Период, который не хочется называть ни хрущевским, ни оттепелью, обладает самобытностью, которую еще только предстоит раскрыть. Пока можно говорить о единичных попытках к ней приблизиться, и я буду рад, если данная книга станет отправной точкой для других исследователей.
Спасибо, что потратили свое время и дочитали до конца.
Приложения
«Смех в зале»: комическое на партийных съездах (1950–1960-е гг.)
Отечественную историю XX в. невозможно отделить от «истории партии». Деятельность РСДРП(б) — РКП(б) — ВКП(б) — КПСС оказывала огромное воздействие как на внутреннюю ситуацию, так и на внешнюю политику страны. В советское время учебная дисциплина и академические структуры, связанные с этой темой, выполняли идеологические функции.

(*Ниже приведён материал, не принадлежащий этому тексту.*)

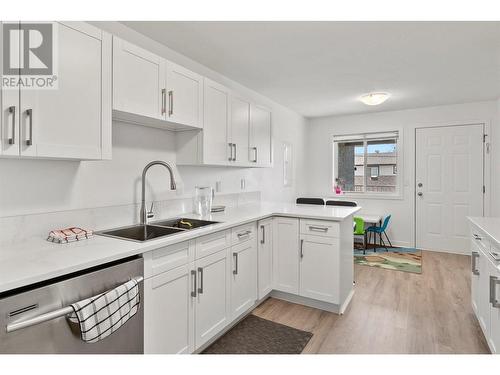 751 Francis Avenue, Kelowna, BC - Indoor Photo Showing Kitchen With Double Sink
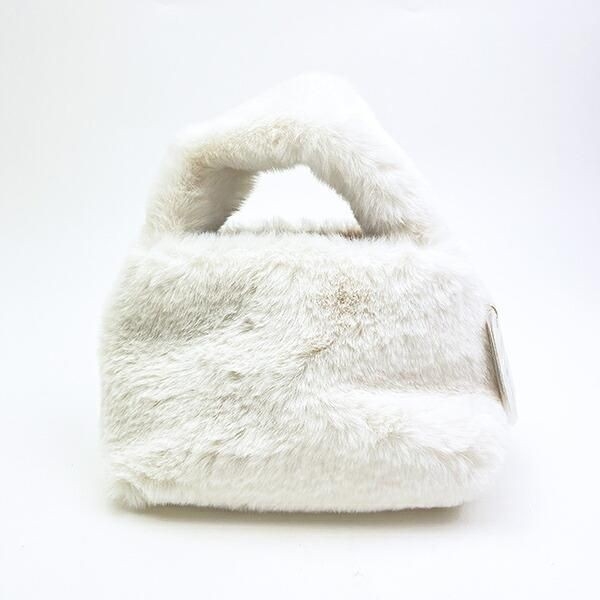 ディズニーのファーバッグ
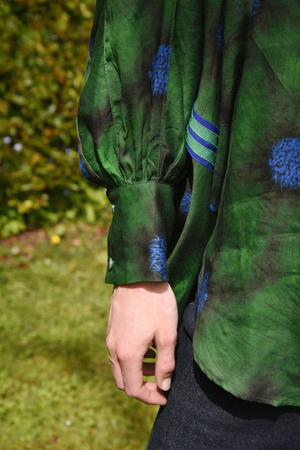 LIVING THE DREAM SHIRT GREEN FLORAL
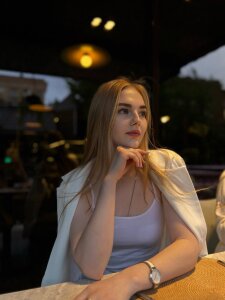 HollyJohnsf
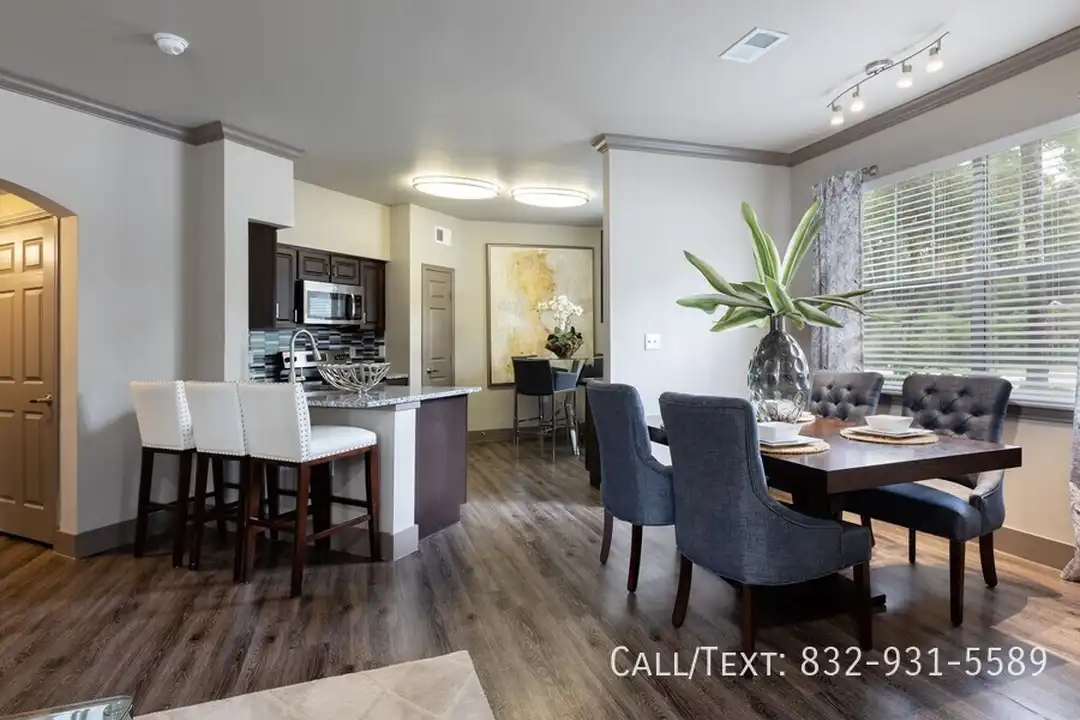 12029 Sawmill Rd - View 3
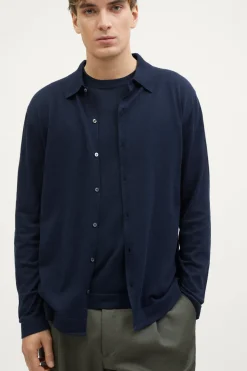 La chemise en tricot en coton biologique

За время господства советской власти в рамках изучения истории КПСС была проделана большая работа по сбору фактического материала, которую не стоит игнорировать. В постсоветский период «история партии» приобрела разоблачительный характер, главными темами стали преступления отдельных партийных лиц или системы в целом. В последнее время начался период активной публикации архивных материалов, посвященных партийной истории, прежде всего серии «Архивы Кремля» и «Документы советской истории» издательства РОССПЭН[470]
. Однако даже в новейших исследованиях по этому направлению[471] приоритеты по-прежнему отдаются политической истории, в то время как более новаторские методы, давно опробованные в других областях исторического знания, остаются невостребованными.Данный текст посвящен анализу функций смеха на партийных съездах, что позволит установить точки соприкосновения между «историей партии» и «историей эмоций». История эмоций — одно из самых сложных для исследователей научных направлений, поскольку предмет изучения находится одновременно в двух плоскостях. С одной стороны, эмоции есть продукт человеческой физиологии и, следовательно, должны быть отнесены к естественным наукам, с другой — эмоции имеют социально обусловленные рамки, а это переводит их в поле гуманитарных дисциплин. Как отмечает Я. Плампер, историки, в основной своей массе, не знакомятся с работами естественников из первых рук, но даже если они решатся к ним обратиться, то в силу недостатка квалификации не смогут дать им адекватную оценку[472]
. В данной работе внимание сосредоточено не на физиологической природе, а на социальном конструировании смеха, на том, как он выполнял функцию поддержания эмоционального режима советской власти. Стоит оговориться, что смех сам по себе является маркером эмоции, а не самой эмоцией. У. Редди предлагает использовать термин «эмотив» (emotive)[473].